◆ **Description of the task**
Whatever lies between the line that holds "Fachada de apartamento" and the final line of the records below, both included, should be repeated exactly; leave out the pictures and add nothing.

[Short text fragments from websites]
-.-.-
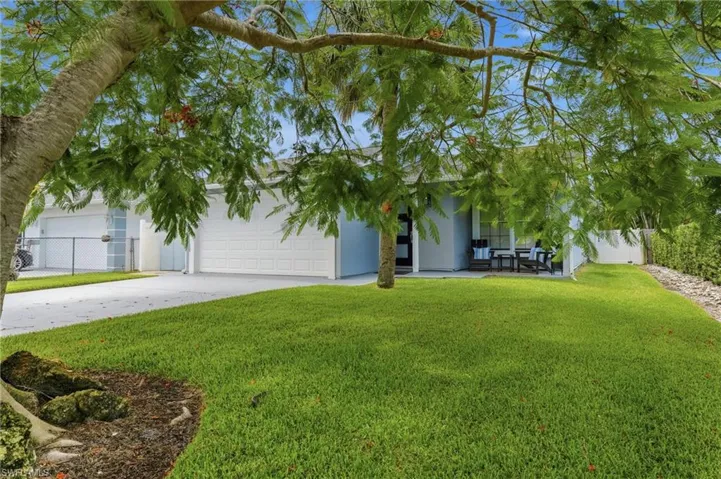 764 94th Ave N, Naples, Florida 34108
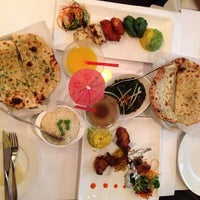 รูปภาพถ่ายที่ Papadam Flavors of India โดย Tina W. เมื่อ 9/29/2012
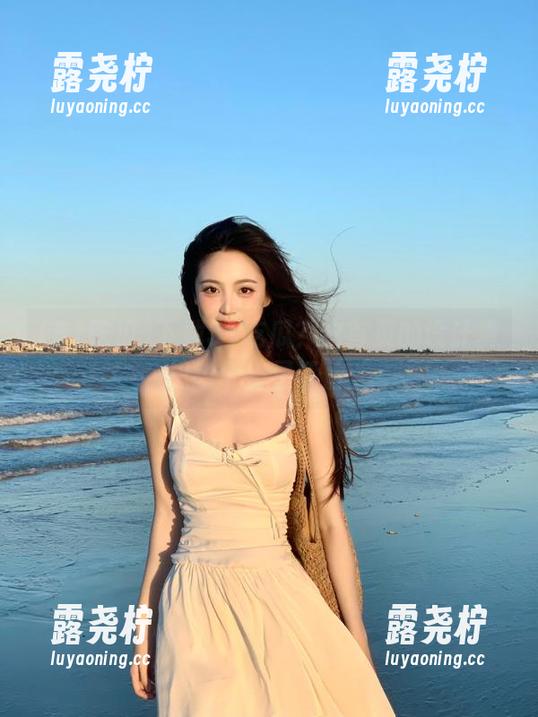 下载51吃瓜？这首页的设计真想给个一星评价。-露尧柠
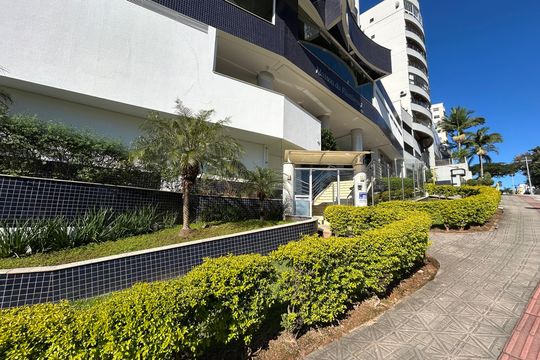 Fachada de apartamento para alugar com 1 quarto, 70m² em Itacorubi, Florianópolis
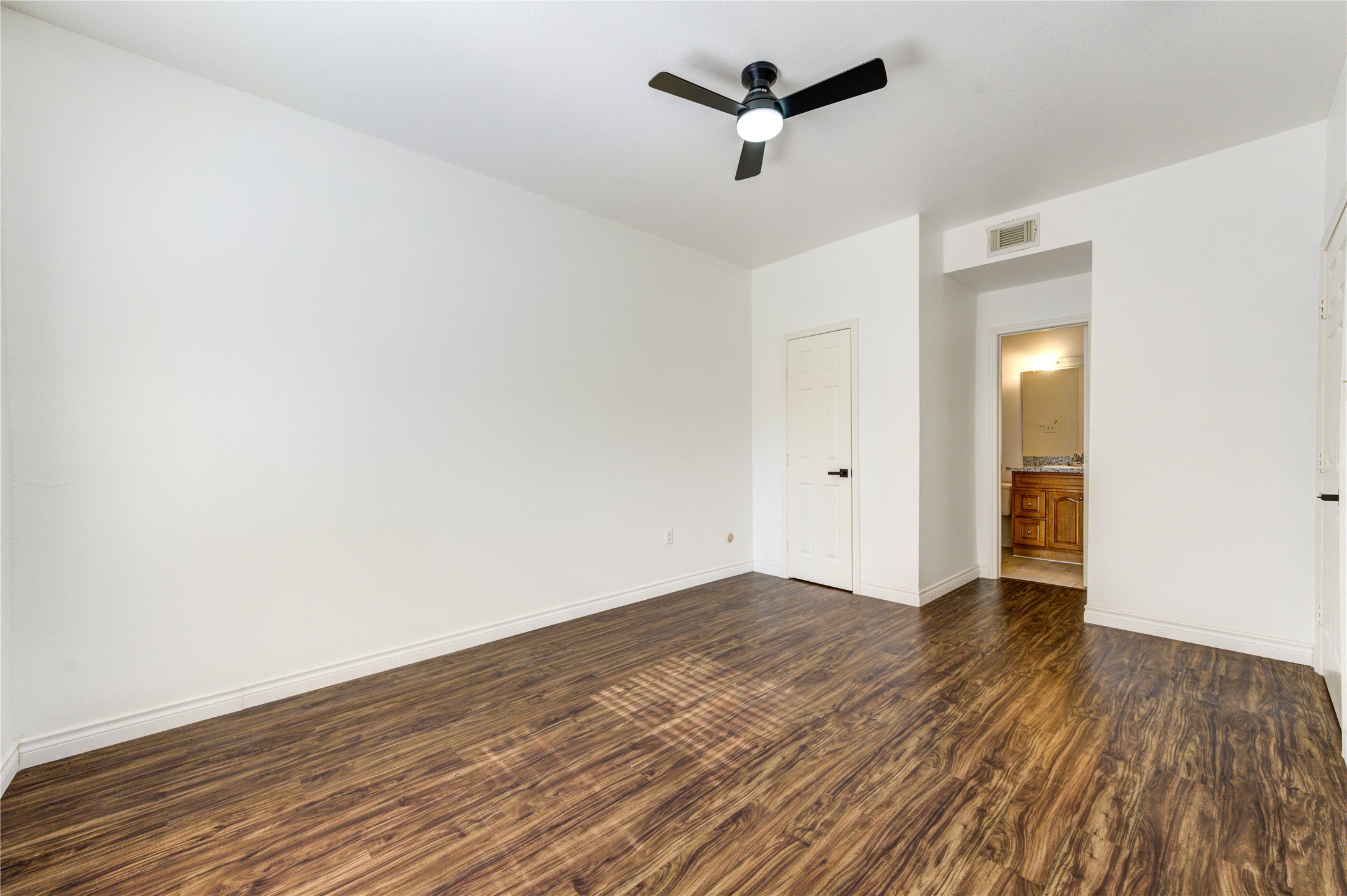 830 Threadneedle Street, Unit 224 Houston, TX 77079 - Photo 35 of 42 Gallery Image 35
-.-.-
◆ **Answer for this exercise**
 Fachada de apartamento para alugar com 1 quarto, 70m² em Itacorubi, Florianópolis
 830 Threadneedle Street, Unit 224 Houston, TX 77079 - Photo 35 of 42 Gallery Image 35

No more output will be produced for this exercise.